Instructions to follow:
Print the data below verbatim, minus images.

Supplied information section start

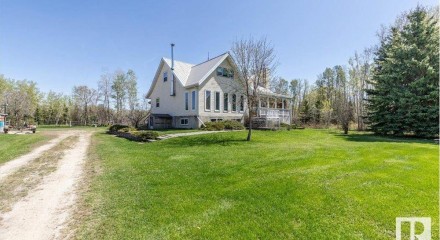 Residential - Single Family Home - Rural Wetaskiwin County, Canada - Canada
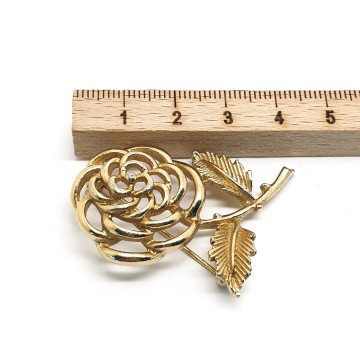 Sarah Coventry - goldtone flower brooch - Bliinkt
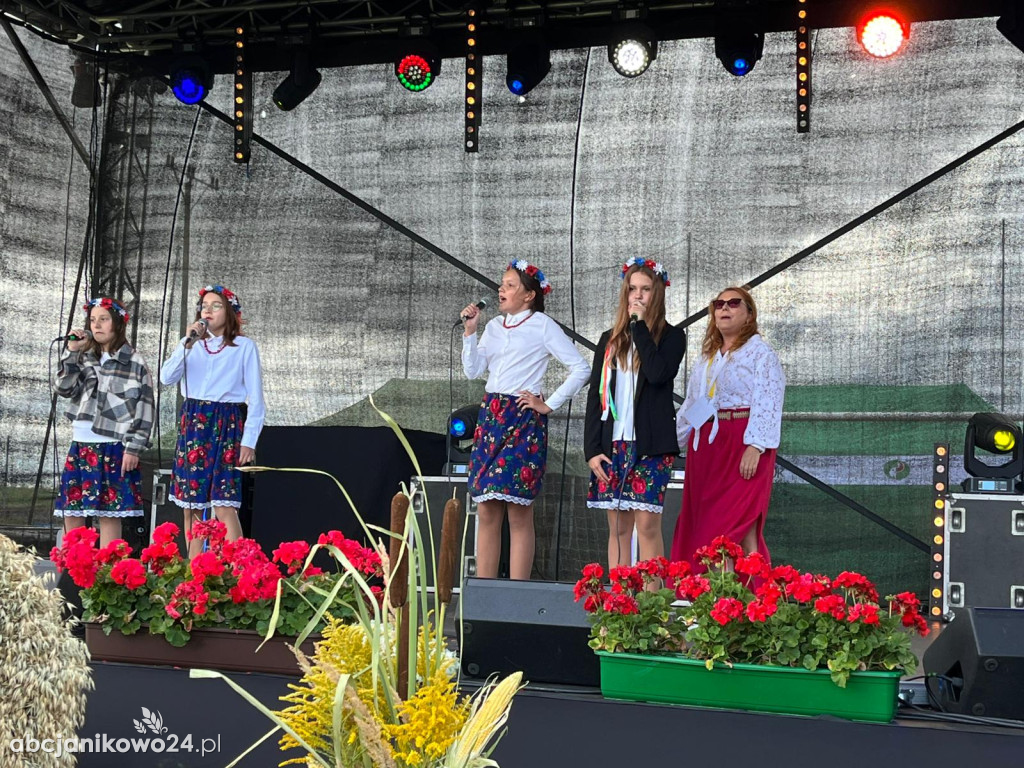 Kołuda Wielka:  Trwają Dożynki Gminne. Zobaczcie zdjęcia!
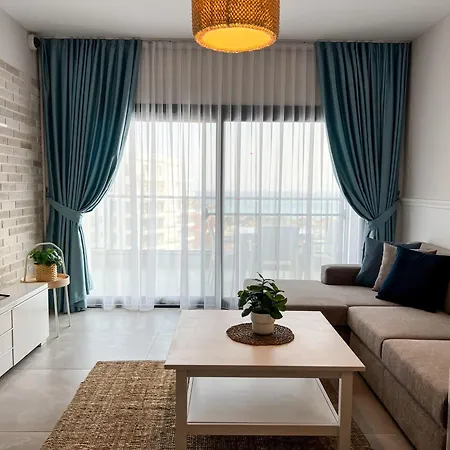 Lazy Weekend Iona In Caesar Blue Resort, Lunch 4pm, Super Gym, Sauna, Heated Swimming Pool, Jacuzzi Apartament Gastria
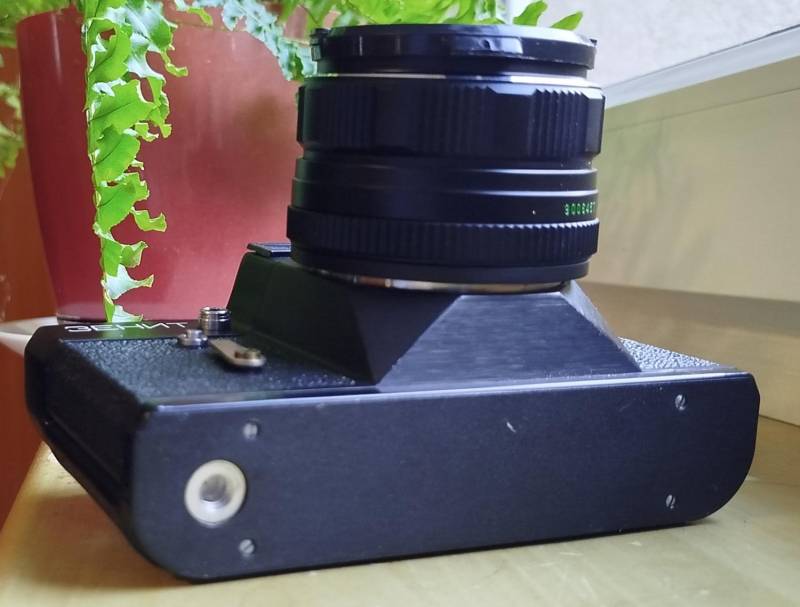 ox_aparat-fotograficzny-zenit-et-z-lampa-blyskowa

Supplied information section end

Your response:
 Residential - Single Family Home - Rural Wetaskiwin County, Canada - Canada
 Sarah Coventry - goldtone flower brooch - Bliinkt
 Kołuda Wielka:  Trwają Dożynki Gminne. Zobaczcie zdjęcia!
 Lazy Weekend Iona In Caesar Blue Resort, Lunch 4pm, Super Gym, Sauna, Heated Swimming Pool, Jacuzzi Apartament Gastria
 ox_aparat-fotograficzny-zenit-et-z-lampa-blyskowa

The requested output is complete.